こんにちは。中学受験専門塾 伸学会代表の菊池です。

まだまだ残暑が厳しい日が続いていますが、陽射しは少しずつやわらいできましたね。

もうすぐ秋分です。

秋が訪れとともに、各塾で入試に向けた対策講座が始まり、受験生の親御さんたちにも本番が近いという緊張感が漂ってくるのではないでしょうか。

一方で、子どもの方はまだまだ実感が無く、スイッチが入らない子たちも多いです。

そんな我が子を見ていると、やきもきする親御さんも多いと思います。

特に、多くの親御さんをイライラさせるケースが、口では「○○中学校に行きたい」と言うくせに行動が伴わないパターン。

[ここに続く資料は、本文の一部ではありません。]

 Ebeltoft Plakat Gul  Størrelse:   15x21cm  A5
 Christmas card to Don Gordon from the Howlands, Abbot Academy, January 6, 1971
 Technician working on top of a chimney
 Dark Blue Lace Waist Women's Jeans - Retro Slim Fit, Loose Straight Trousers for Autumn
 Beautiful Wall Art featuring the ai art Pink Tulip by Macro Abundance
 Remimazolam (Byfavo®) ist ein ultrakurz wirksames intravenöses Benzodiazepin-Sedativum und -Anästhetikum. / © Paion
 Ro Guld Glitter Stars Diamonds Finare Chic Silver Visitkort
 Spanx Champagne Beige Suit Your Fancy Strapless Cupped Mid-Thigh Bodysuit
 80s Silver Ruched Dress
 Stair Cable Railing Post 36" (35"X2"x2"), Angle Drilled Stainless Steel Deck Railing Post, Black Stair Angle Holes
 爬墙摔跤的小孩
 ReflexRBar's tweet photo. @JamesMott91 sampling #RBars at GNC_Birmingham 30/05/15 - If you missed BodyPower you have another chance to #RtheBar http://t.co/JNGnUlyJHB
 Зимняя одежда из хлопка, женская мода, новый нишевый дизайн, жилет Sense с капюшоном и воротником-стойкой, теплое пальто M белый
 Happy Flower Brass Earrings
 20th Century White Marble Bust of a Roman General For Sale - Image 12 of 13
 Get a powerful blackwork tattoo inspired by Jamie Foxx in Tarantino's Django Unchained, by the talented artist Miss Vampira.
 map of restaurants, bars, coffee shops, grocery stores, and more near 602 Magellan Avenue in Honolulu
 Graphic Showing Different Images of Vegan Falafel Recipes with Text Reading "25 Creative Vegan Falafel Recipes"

4・5年生のうちはまだ志望校もあいまいで、やる気がわかなくても仕方ないかと大らかに見守っていられた親御さんも、志望校がしっかり決まり、そして合格するには成績が足りないという状況でも本腰を入れて勉強する姿が見られないと、さすがに焦りを感じてしまいますよね。

その親御さんの気持ちも無理はありません。

そこで、今回は志望校があるのに行動が伴わない理由についてお話ししようと思います。

なぜ、志望校があるのに、志望校に合格するために努力をしない子が多いのでしょうか?

合格に向けて努力できる子との違いはなんなのでしょうか?

もちろん理由はケースバイケースですが、今回はたくさんある理由の中でも典型的なものを1つお伝えします。

我が子にあてはまるところが無いかを確認してみてください。

子どもは「目標」と「願望」の区別がついていない

多くの子にありがちな努力をしない理由の1つは、『ほしいものを手に入れるために何をしたら良いかを具体的に考えていない』ということです。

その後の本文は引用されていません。